▶ Records shown
========================================

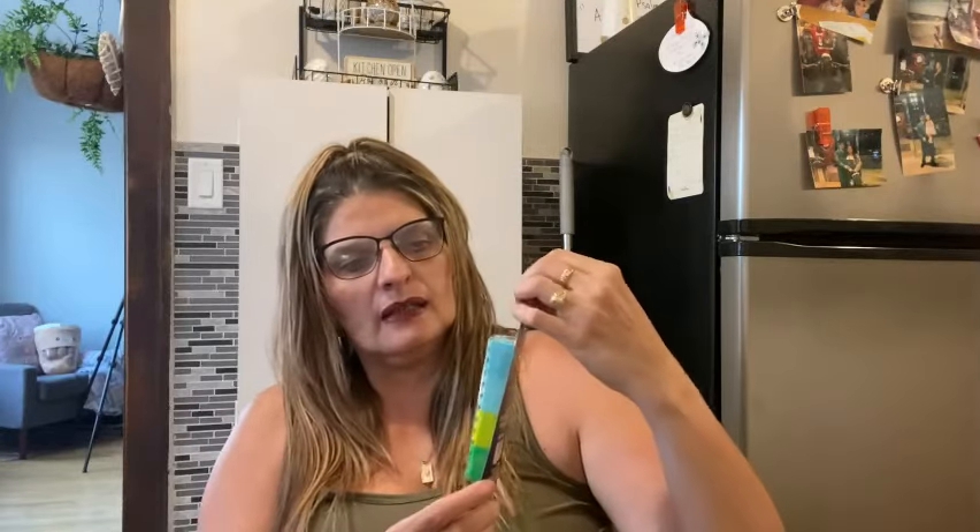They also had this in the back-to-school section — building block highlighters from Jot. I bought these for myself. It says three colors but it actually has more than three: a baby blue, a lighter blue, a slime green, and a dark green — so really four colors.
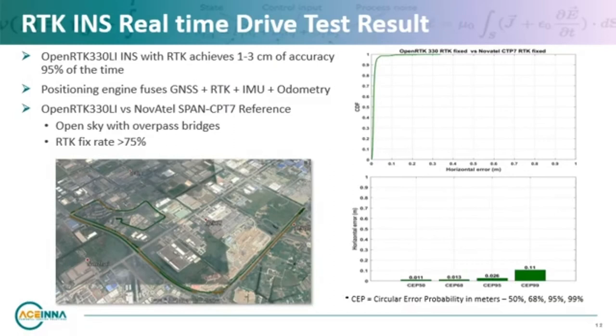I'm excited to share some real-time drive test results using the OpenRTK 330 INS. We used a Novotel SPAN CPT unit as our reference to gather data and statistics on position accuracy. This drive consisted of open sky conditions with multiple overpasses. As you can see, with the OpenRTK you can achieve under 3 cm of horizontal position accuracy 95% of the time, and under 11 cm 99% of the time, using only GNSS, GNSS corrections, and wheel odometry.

========================================

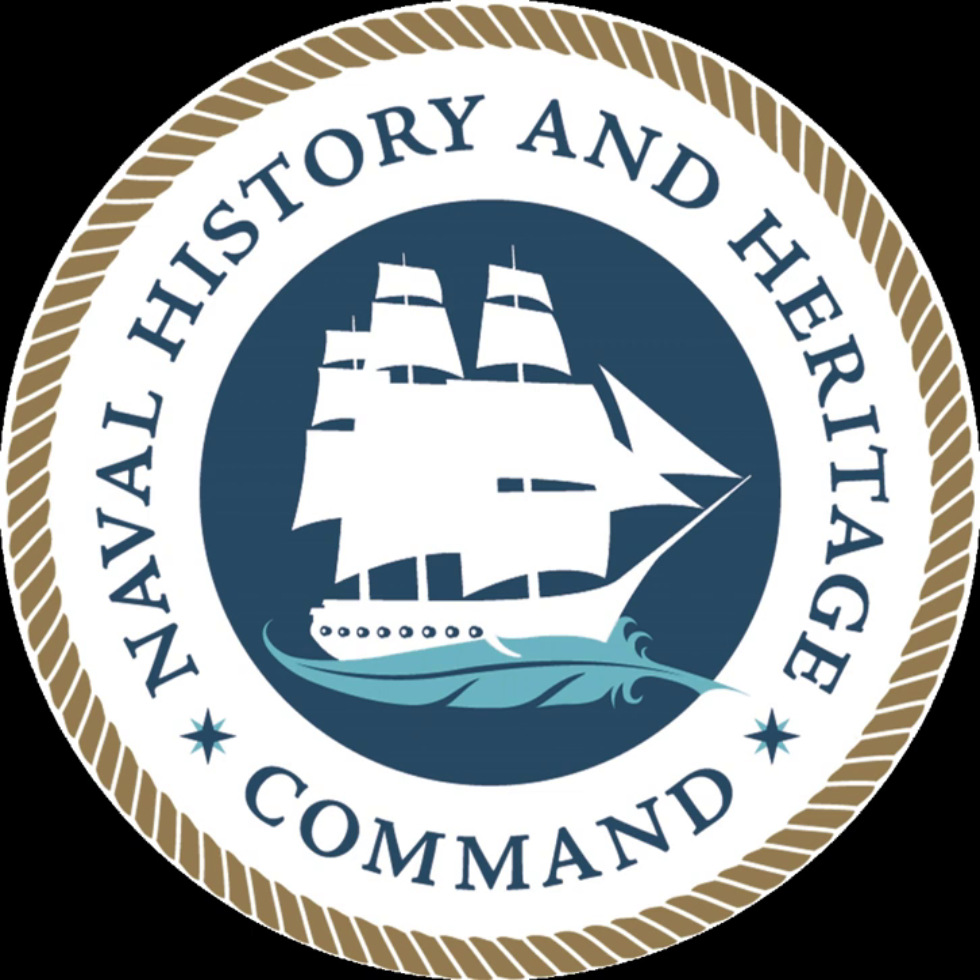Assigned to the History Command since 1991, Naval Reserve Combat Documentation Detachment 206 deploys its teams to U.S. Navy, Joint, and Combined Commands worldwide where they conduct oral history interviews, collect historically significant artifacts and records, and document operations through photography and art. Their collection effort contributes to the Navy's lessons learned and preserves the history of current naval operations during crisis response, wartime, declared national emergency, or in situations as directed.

========================================

▶ What is being asked
Using the listing above, reproduce word for word every line from the one containing "They also had" through the one containing "I'm excited to". Pictures must be left out.

▶ Answer space
They also had this in the back-to-school section — building block highlighters from Jot. I bought these for myself. It says three colors but it actually has more than three: a baby blue, a lighter blue, a slime green, and a dark green — so really four colors.
I'm excited to share some real-time drive test results using the OpenRTK 330 INS. We used a Novotel SPAN CPT unit as our reference to gather data and statistics on position accuracy. This drive consisted of open sky conditions with multiple overpasses. As you can see, with the OpenRTK you can achieve under 3 cm of horizontal position accuracy 95% of the time, and under 11 cm 99% of the time, using only GNSS, GNSS corrections, and wheel odometry.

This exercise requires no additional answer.